Così Claudio Stefanazzi, deputato pugliese del Partito Democratico.
“Il caos organizzativo creato dal ministro Sangiuliano sta bloccando gli investimenti previsti nel Pnrr Cultura”. Così la capogruppo democratica nella Commissione Cultura della Camera, Irene Manzi che sottolinea come “i dati della Relazione presentata trionfalmente dal ministro Fitto destano molte preoccupazioni sull’operato del ministero della cultura che, va sottolineato, si trova nel mezzo di una profonda riorganizzazione che sta mettendo in discussione anche l’ordinaria amministrazione.

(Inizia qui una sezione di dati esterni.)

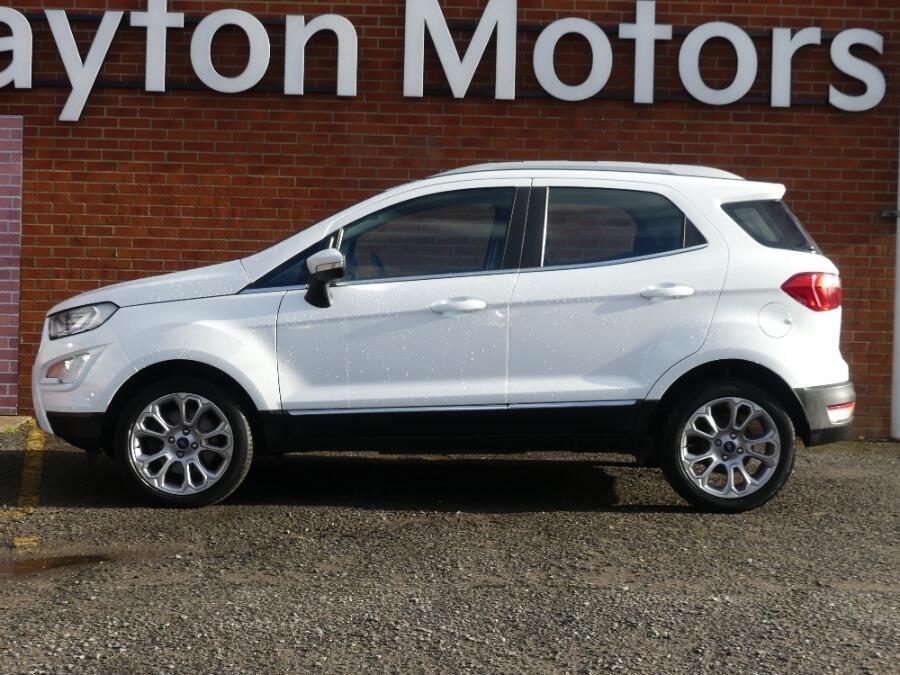Used Ford Ecosport 2019 for sale - 76886411: Photo 23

E non è un caso che il Mic abbia sinora rendicontato solo il 3,4% dei 4,4 miliardi previsti dal Pnrr. Con alcuni interventi del tutto bloccati come gli zero euro spesi sui venti milioni previsti per le competenze digitali del personale, a meno di due anni dal termine del programma di interventi. Il Ministero sta viaggiando con il freno a mano tirato a causa della caotica gestione del ministro Sangiuliano attento solo a tagliare nastri, ad appropriarsi di interventi ereditati dalla precedente gestione e a cercare consenso e posizionamenti politici in vista delle prossime elezioni regionali in Campania. Perdere l’occasione del Recovery sarebbe veramente una grave responsabilità. Avevamo avvertito il ministro dei rischi a cui andava incontro nell’avviare una profonda riorganizzazione nel mezzo dell’attuazione del Pnrr – conclude Manzi - ma non ha voluto ascoltarci”.
“Un governo totalmente allo sbando nella gestione del Pnrr. Quello che accade ogni giorno, oltre alle notizie che leggiamo e ai dati riportati da fonti accreditate, certificano il fallimento di una destra che continua a fare solo propaganda mentre la realtà parla di ritardi, buchi e continui rinvii. Come quello di un nuovo decreto annunciato da settimane per accelerare la spesa delle risorse del Piano, che non riesce a vedere la luce per incapacità e tensioni interne alla maggioranza. Per colpa del Governo, l’Italia rischia di non riuscire ad attuare progetti già previsti per migliorare servizi essenziali come istruzione, sanità, trasporti, riqualificazione urbana. Sono mesi che i comuni e gli enti locali attendono risposte precise ad esempio sui 10 miliardi cancellati dall'ultima rimodulazione del Pnrr per interventi fondamentali per le nostre comunità. Abbiamo chiesto come Partito democratico più volte al ministro Fitto di riferire ed informare il Parlamento sullo stato attuale reale dell’attuazione del Pnrr ma non abbiamo avuto nessuna risposta. Una mancanza di rispetto totale nei confronti dei cittadini e del Parlamento. Non sono risorse della destra, sono risorse del Paese”. Così il capogruppo democratico nella commissione affari europei della Camera, Piero De Luca.